**WHAT IS NEEDED:**
Of the entries below, restate word for word only the section that runs from the line with "At the top, to" to the line with "This is the", counting both ends.

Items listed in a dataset
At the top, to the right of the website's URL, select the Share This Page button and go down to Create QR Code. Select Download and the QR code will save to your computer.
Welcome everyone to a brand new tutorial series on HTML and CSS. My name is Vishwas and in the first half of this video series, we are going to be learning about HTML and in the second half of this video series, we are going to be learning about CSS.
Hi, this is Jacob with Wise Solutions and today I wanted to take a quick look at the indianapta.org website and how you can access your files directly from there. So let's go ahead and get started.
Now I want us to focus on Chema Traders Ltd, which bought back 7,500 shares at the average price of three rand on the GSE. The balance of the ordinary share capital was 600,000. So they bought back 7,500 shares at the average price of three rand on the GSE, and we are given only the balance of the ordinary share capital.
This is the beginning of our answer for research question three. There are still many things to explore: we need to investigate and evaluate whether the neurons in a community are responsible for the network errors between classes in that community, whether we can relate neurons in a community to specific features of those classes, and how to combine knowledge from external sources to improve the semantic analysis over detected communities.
==
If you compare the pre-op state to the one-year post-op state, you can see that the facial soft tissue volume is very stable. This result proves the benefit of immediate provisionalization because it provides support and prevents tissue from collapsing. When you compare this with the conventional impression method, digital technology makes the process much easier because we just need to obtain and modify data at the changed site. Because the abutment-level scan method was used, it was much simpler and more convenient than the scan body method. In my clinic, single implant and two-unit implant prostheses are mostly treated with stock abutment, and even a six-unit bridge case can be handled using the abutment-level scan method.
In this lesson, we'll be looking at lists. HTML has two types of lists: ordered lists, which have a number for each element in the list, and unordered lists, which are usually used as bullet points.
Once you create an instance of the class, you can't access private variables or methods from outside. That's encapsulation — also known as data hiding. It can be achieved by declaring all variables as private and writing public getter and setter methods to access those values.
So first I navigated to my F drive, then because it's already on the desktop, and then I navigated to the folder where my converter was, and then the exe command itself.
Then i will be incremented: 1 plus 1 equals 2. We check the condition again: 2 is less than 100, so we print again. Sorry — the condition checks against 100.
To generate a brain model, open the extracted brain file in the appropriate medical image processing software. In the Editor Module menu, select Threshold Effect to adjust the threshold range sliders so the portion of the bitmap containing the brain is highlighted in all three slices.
---
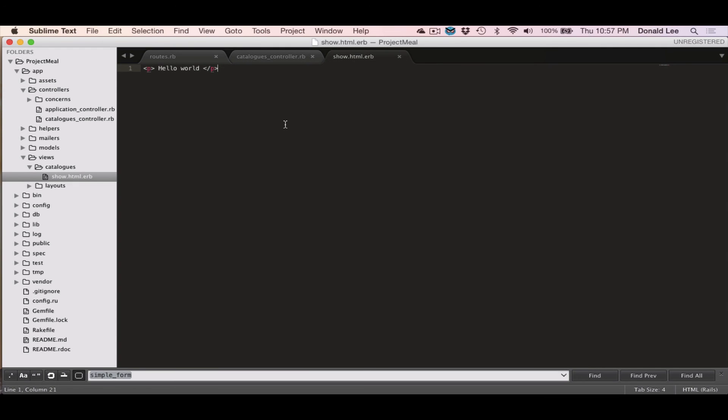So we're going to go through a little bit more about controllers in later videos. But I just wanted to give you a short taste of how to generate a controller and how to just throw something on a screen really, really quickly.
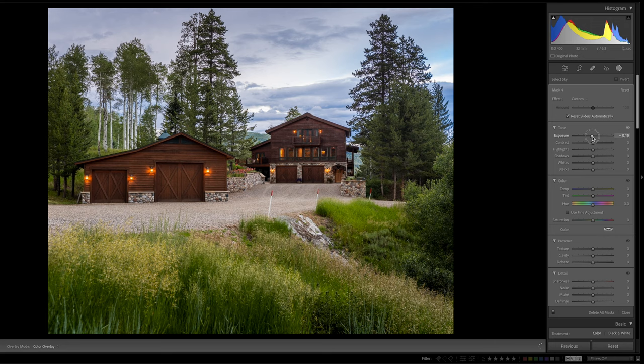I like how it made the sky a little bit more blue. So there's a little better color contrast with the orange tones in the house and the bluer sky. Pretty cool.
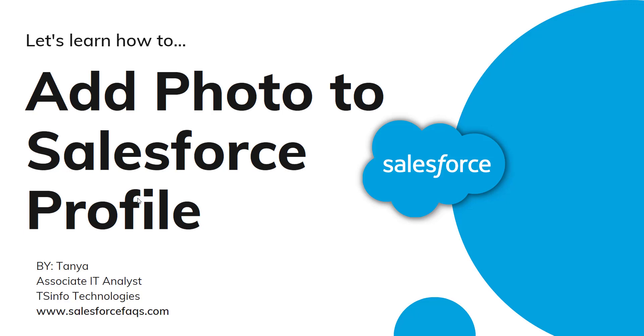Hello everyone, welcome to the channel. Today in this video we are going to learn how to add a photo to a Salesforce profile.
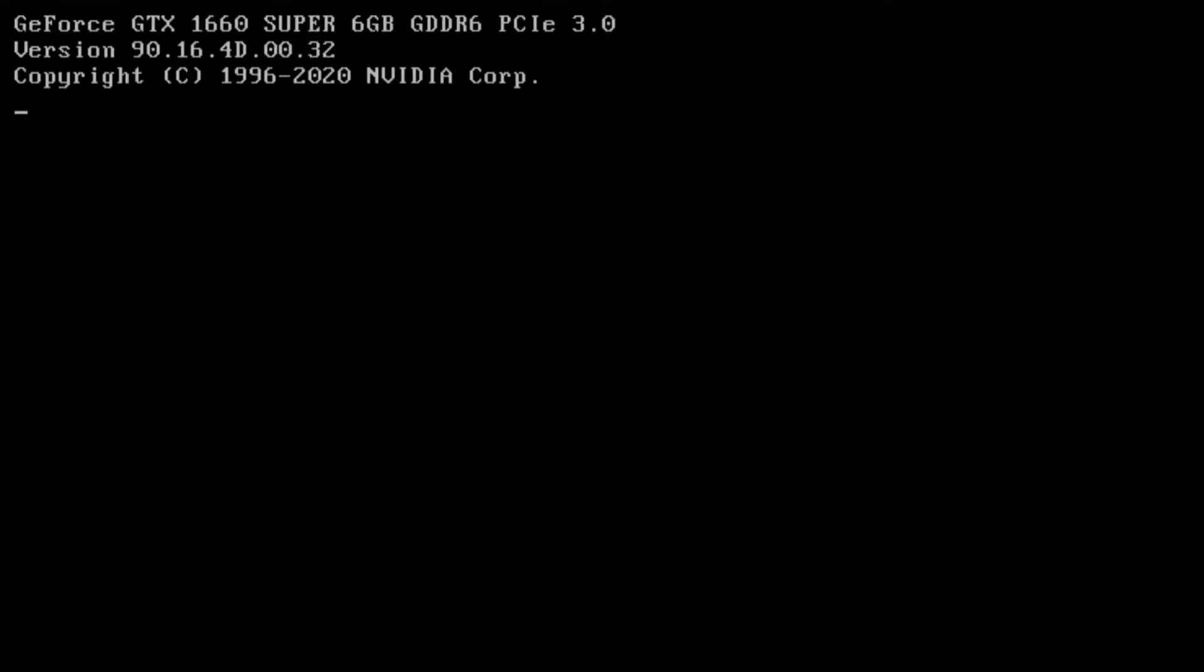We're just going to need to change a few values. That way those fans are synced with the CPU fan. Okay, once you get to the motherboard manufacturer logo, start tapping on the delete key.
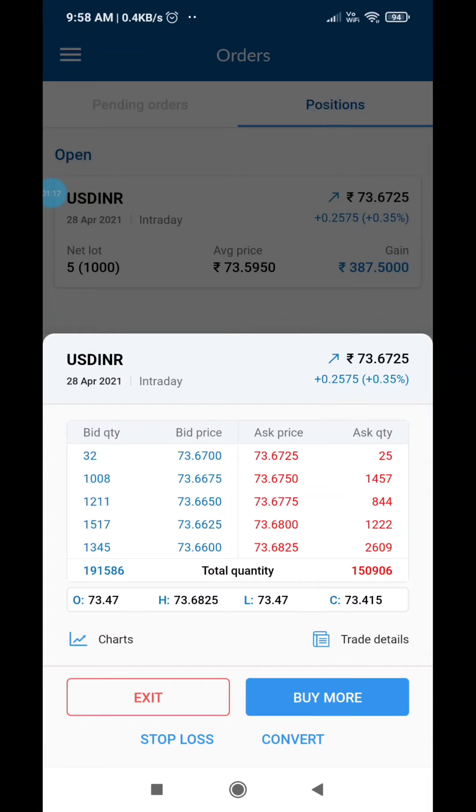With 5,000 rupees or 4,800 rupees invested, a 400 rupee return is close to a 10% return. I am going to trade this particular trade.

**ANSWER FOR THE TASK:**
At the top, to the right of the website's URL, select the Share This Page button and go down to Create QR Code. Select Download and the QR code will save to your computer.
Welcome everyone to a brand new tutorial series on HTML and CSS. My name is Vishwas and in the first half of this video series, we are going to be learning about HTML and in the second half of this video series, we are going to be learning about CSS.
Hi, this is Jacob with Wise Solutions and today I wanted to take a quick look at the indianapta.org website and how you can access your files directly from there. So let's go ahead and get started.
Now I want us to focus on Chema Traders Ltd, which bought back 7,500 shares at the average price of three rand on the GSE. The balance of the ordinary share capital was 600,000. So they bought back 7,500 shares at the average price of three rand on the GSE, and we are given only the balance of the ordinary share capital.
This is the beginning of our answer for research question three. There are still many things to explore: we need to investigate and evaluate whether the neurons in a community are responsible for the network errors between classes in that community, whether we can relate neurons in a community to specific features of those classes, and how to combine knowledge from external sources to improve the semantic analysis over detected communities.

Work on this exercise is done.